The structure of traditional ESN

When the given time step is t, K-input neurons \(u(t)=(u_{1}(t),\ldots ,u_{K}(t))^{T} \), N-reservoir neurons \(x(t)=(x_{1}(t),\ldots ,x_{N}(t))^{T} \) and L-output neurons \(y(t)=(y_{1}(t),\ldots ,y_{L}(t))^{T} \). The input signal first enters the input layer neuron and is transmitted to the hidden layer neuron. The calculation process is generally as follows:

$$\begin{aligned} x(t+1)= & {} f(W_{{\textit{res}}}x(t)+W_{{\textit{in}}}u(t+1)) \end{aligned}$$
(1)
$$\begin{aligned} y(t+1)= & {} f^{{\textit{out}}}(W_{{\textit{out}}}x(t+1)) \end{aligned}$$
(2)

Here, \( W_{{\textit{in}}}, W_{{\textit{res}}} \; {\textit{and}} \; W_{{\textit{out}}}\) respectively represent the connection weight values input to the reservoir, inside the reservoir, and between the reservoir and the output layer.
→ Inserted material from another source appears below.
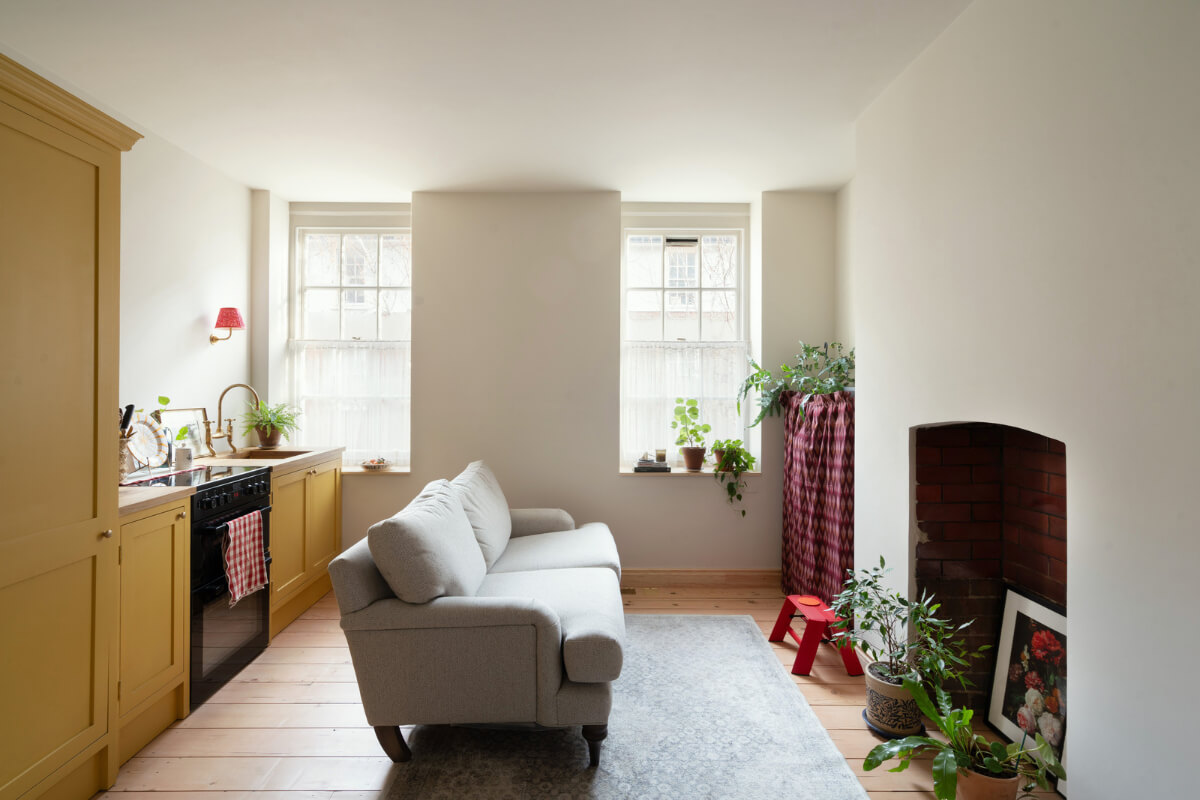A Tiny Apartment with a Yellow Kitchen in London 1 small living room with ochre yellow kitchen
In the whole network training process, \(W_{{\textit{in}}} \; {\textit{and}} \; W_{{\textit{res}}}\) are predefined and remain unchanged throughout the training process. Only \( W_{{\textit{out}}} \) needs to be trained. \(f\; {\textit{and}} \; f^{{\textit{out}}}\) represent the activation functions in the reservoir and output layer, respectively. It is generally tanh().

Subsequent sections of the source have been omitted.